DATA BLOCK
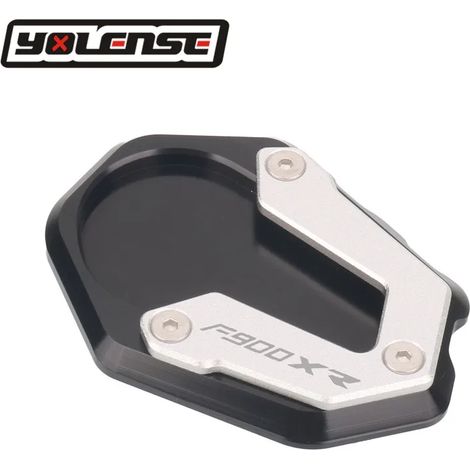 (Noir - F900xR) Compatible avec les motos BMW F900R, F900XR et F900 R XR (2020-2023) : extension de béquille latérale, plaque de support, support agrandissant la béquille. (1/4)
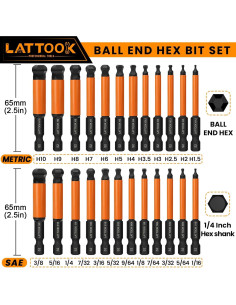 Juego de Puntas de Destornillador Hexagonal LATTOOK 24PCS 2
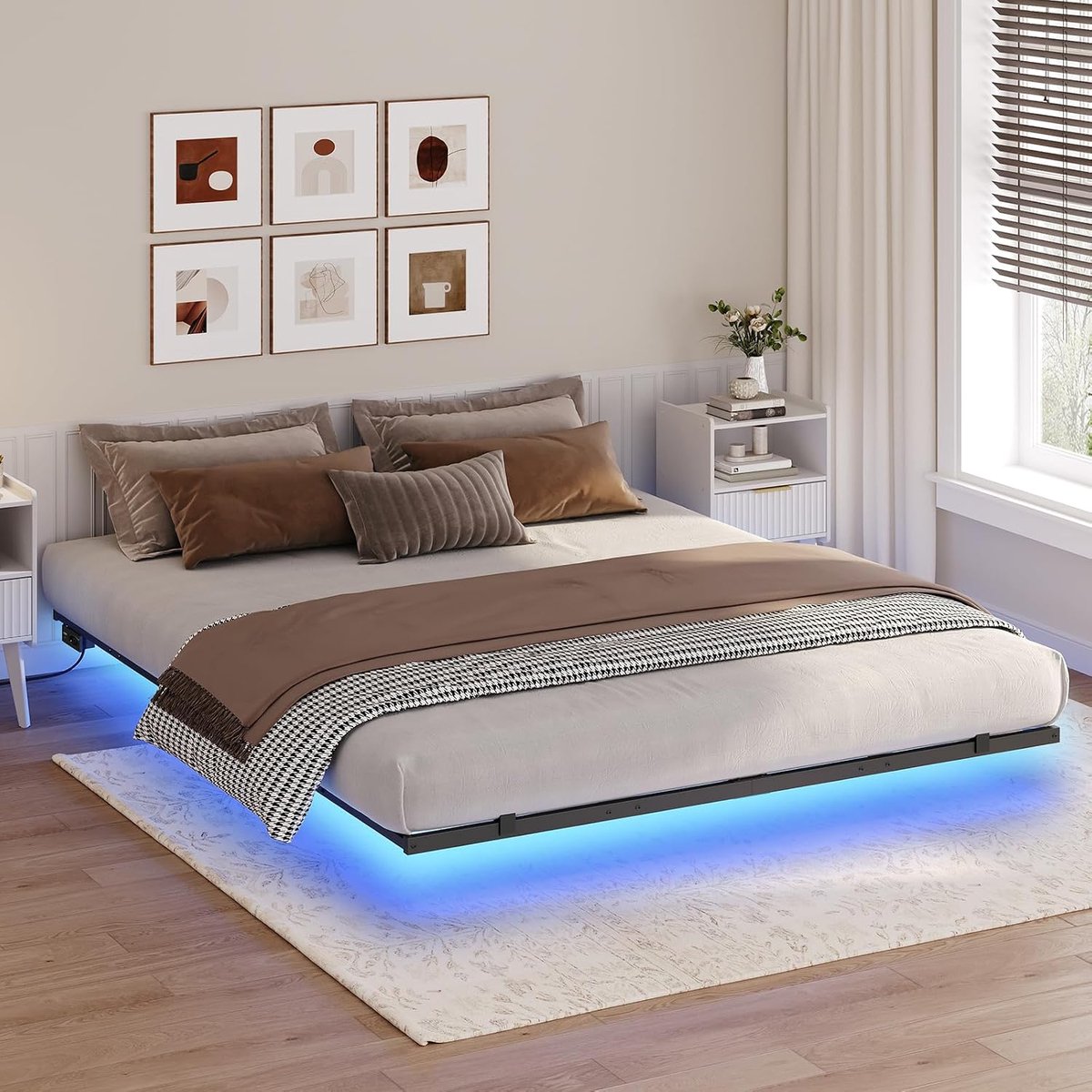 Bedframe, 160 x 200 cm, zwevend bedframe, bedframe met led en laadstation, houten lattensteun, tweepersoonsbedframe, voor slaapkamer, logeerkamer, zwart en houtkleur ABFHN638UE01
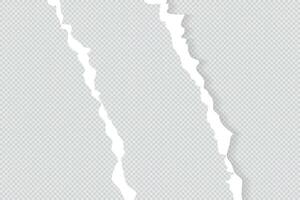 Ripped Torn paper sheet edge on curled page, vector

DIRECTIONS FOR THIS TASK
Take the line with "Bedframe, 160 x" and each line after it through the end of the material above, and reproduce them exactly, both ends included, without pictures.

SOLUTION FOR THIS TASK
 Bedframe, 160 x 200 cm, zwevend bedframe, bedframe met led en laadstation, houten lattensteun, tweepersoonsbedframe, voor slaapkamer, logeerkamer, zwart en houtkleur ABFHN638UE01
 Ripped Torn paper sheet edge on curled page, vector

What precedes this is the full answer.